Что касается «Лолиты» — не думаю. Ну, то есть «Лолита» повлияла на американскую поп-культуру в целом, образ нимфетки появился, слово появилось, но ведь здесь Кевин Спейси играет совсем другую трагедию. В некотором смысле он играет такую новую «Американскую трагедию» — американскую мечту, растворившуюся в быту, и в некотором смысле даже утраченную. Потому что все эти герои — и сумасшедший полковник, и несчастная девочка, и сын этого полковника, которого он подозревает в гомосексуализме, и мать, вот эта жена героя — все они равняются на те или иные американские мифы, и все понимают полную несостоятельность этих мифов.
Герой, у которого единственные счастливые минуты в течение дня — это утренняя мастурбация в душе, о чем там сказано,— это как раз символ человека, равняющегося на утраченные, на выдохшиеся мифы. А новые мифы пока не обнаружены.

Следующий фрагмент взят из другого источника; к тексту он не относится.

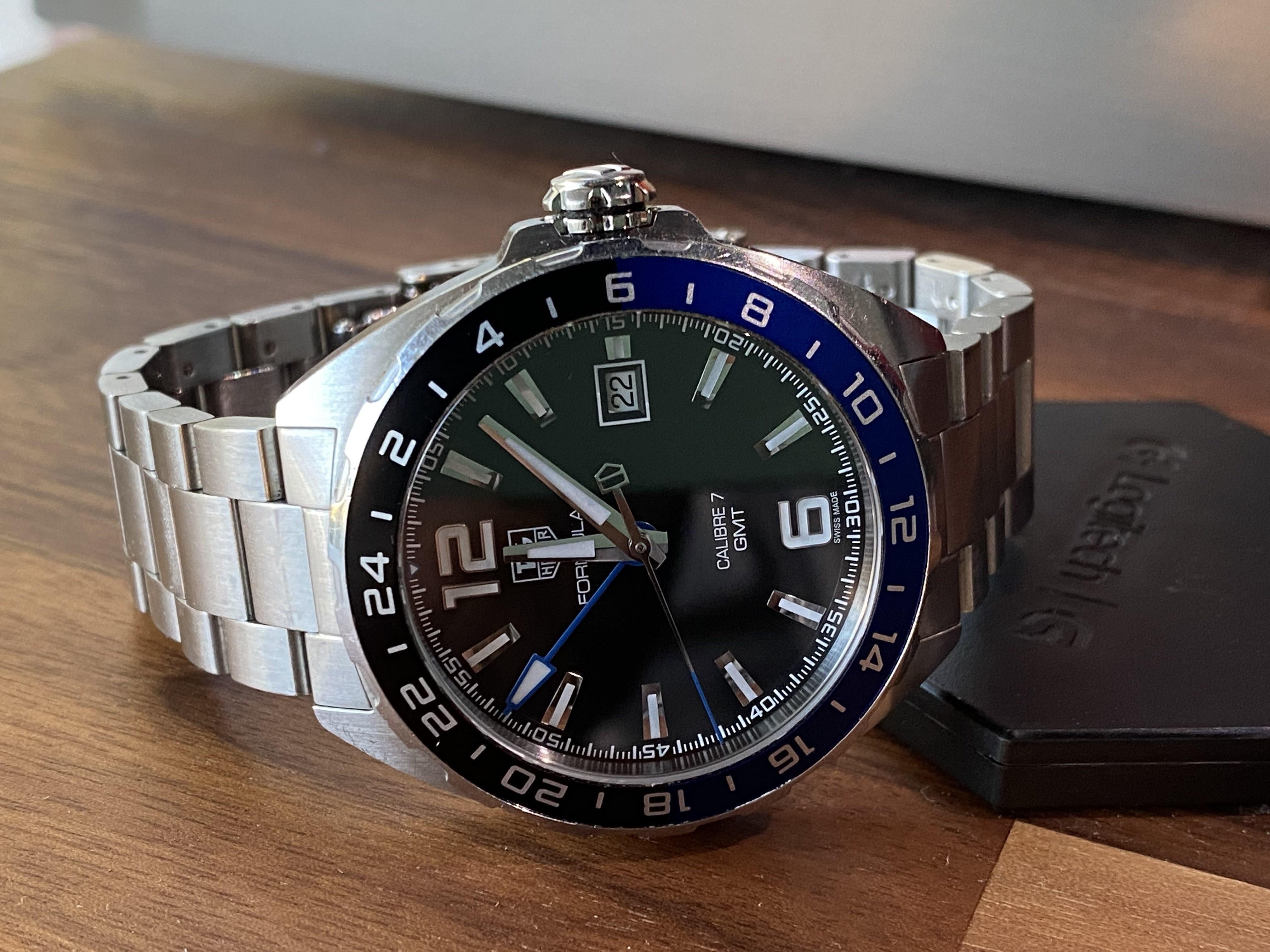 TAG Heuer Formula 1 Calibre 7 GMT 41 WAZ211A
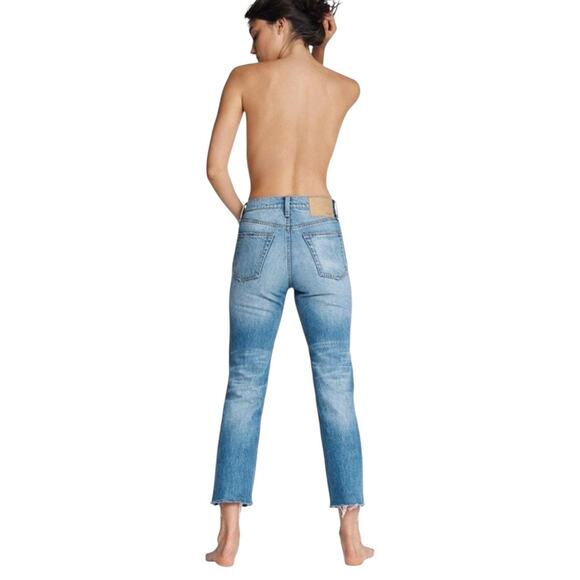 Rag & Bone Maya High Rise Ankle Slim Jean size 26 - Picture 3 of 16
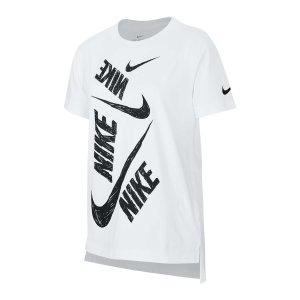 Nike - T-shirt swoosh bambina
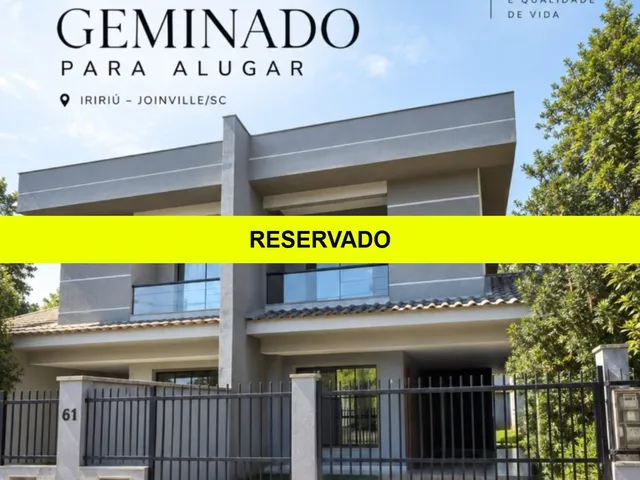Imagem: Sobrado geminado para Aluguel Bairro Iririú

Рискну вам сказать, что Кевин Спейси всю жизнь, в том числе в «Карточном домике», играет, как мне представляется, вот эту трагедию романтического сознания, которая ориентирована на мифы, а мифов больше нет. Что с ним может случиться в результате утраты этих базовых мифов — это он показывает в том числе у Финчера в «Семи». Я, пожалуй, согласен, что «Семь» (ну, так сказал Андрей Кончаловский, а я думаю, он понимает в этом) — это все-таки самое страшное произведение в американском масскульте за последнее время.